Omuz ekleminde sıkışma sendromu meydana geldiğinde, hastalar erken evrelerde akut bir ağrı başlangıcı olduğunu, istirahatte belirgin olduğunu ve eforla (özellikle baş üstü aktiviteler) yoğunlaştığını bildirirler. Hastalar sıklıkla tetikleyici bir durumu (efor, soğuğa maruz kalma, yaralanma) belirtirler. Ağrı eklemin derinliklerinde tanımlanır ve genellikle geceleri yoğunlaşır, etkilenen tarafta yatmayı neredeyse imkansız hale getirir.

Kalça eklemindeki belirtiler

Sıkışma sendromu sıklıkla kalça ekleminde çok sinsi başlayan semptomlar gösterir.

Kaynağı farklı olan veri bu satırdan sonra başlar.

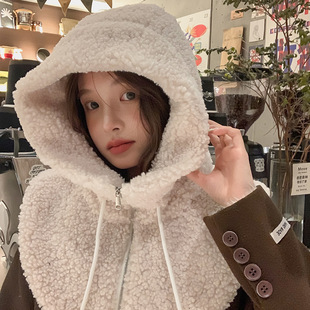 2025 autumn and winter new hat, scarf, integrated plush windproof and warm shawl, cycling cold-proof Baotou hat, couple style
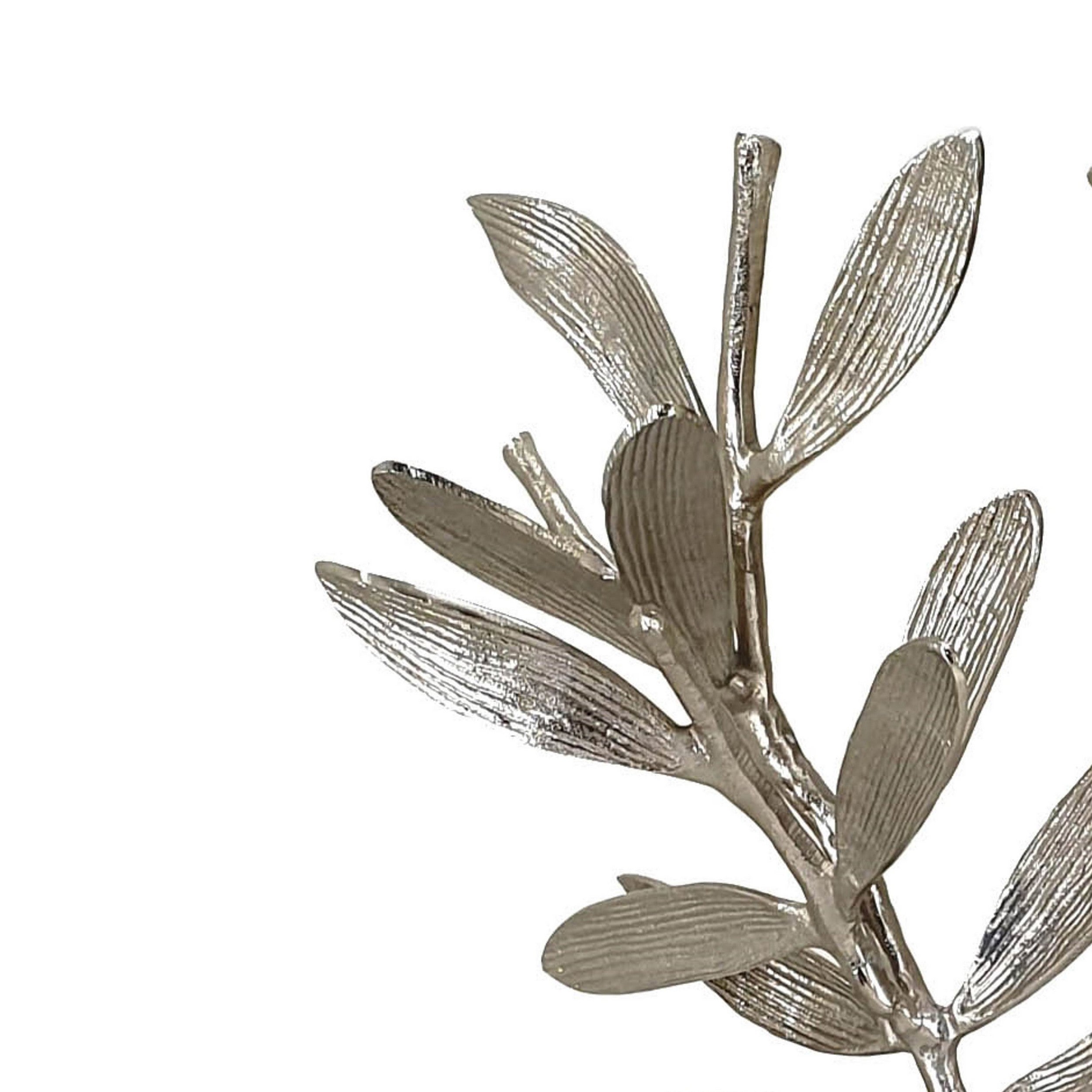 28 23 Inch Metal Statuettes Decorative Accent Olive Tree White Set Of 2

Başlangıçta kalça eklemindeki ağrı ara sıra ortaya çıkar ve hasta tarafından sıklıkla kasık ağrısı olarak tanımlanır. Ancak ağrı, fiziksel aktivite sırasında yoğunlaşır ve daha sonra sıklıkla uyluğa yayılır. Çoğu durumda, 90 derece bükülmüş olan bacak içe doğru döndürüldüğünde (90 derece fleksiyonla iç rotasyon) şiddetlenirler.

Nedenleri ve risk faktörleri

Sıkışma sendromunun çeşitli nedenleri vardır. Bunlar kemikteki yapısal değişiklikler ve yumuşak dokulardaki (kaslar, tendonlar, bursa) hasarlar olarak ikiye ayrılır. Sıkışma sendromu riski yaşla birlikte artar, ancak kalça sıkışma sendromu bazen hareketli eklemlerdeki artan stres nedeniyle genç sporcularda da ortaya çıkabilir.

Omuzun sıkışma sendromu: Nedenleri

Omuz sıkışma sendromunda eklem aralığının daralması ya akromiyondaki kemik değişikliklerden ya da çevredeki yumuşak dokuların hasar görmesinden kaynaklanır.

Çıkış sıkışması omuz sendromu olarak adlandırılan omuz sendromu, eklem aşınması (osteoartrit) gibi omuzdaki kemik değişiklikleri nedeniyle subakromiyal boşluğun daralmasından kaynaklanır.

Çıkışsız sıkışma omuz sendromu ise çevredeki yumuşak dokuların hasar görmesinden kaynaklanır. Bursa iltihabı (bursit subakromialis) sıklıkla şişmeye neden olur ve dolayısıyla eklem aralığını daraltır.

Kalçanın sıkışma sendromu: Nedenleri.

Çoğu durumda kalçanın sıkışma sendromu asetabulumun deformitesinden kaynaklanır. Asetabulum pelvik kemiğin bir parçasıdır ve femur başı ile birlikte kalça eklemini oluşturan fincan şeklinde bir yuva olarak sunulur.

Asetabular çatının veya femur başının kenarında kemik mahmuzları oluştuğunda (ısırma deformitesi), özellikle içe doğru dönerken (iç rotasyon) ve kalça eklemini bükerken (fleksiyon) sıklıkla ağrılı bir hareket kısıtlaması ortaya çıkar. Kemik değişiklikleri örneğin artan fiziksel eforun bir sonucu olarak meydana gelir; bu nedenle genç sporcular kalça sıkışma sendromundan daha sık muzdariptir.

Hastalığın seyri ve prognoz

Sıkışma sendromu, eğer gerginlik şiddetliyse, daha sık iltihaplanma ve aşınma belirtilerine yol açar. Ayrıca sinir ve tendonların sıkışmaya devam etmesiyle yırtılma ve doku ölümü (nekroz) riski artar.

Hem çok uzun süre hareketsiz kalmak hem de ameliyat, eklem sertliği riski taşır. Sıkışma sendromu başarıyla ameliyat edildikten sonra bile hastalar daha sonra fizyoterapi egzersizleri yapmalıdır.

Sıkışma sendromu tamamen önlenemez ancak eklemlere binen yükü dengelemek ve hareketli tutmak için genel kondisyon ve düzenli egzersiz önerilir.

Ayrıca daha iyi bir duruş sağlamak için masa iş istasyonunu ayarlamak da mantıklıdır.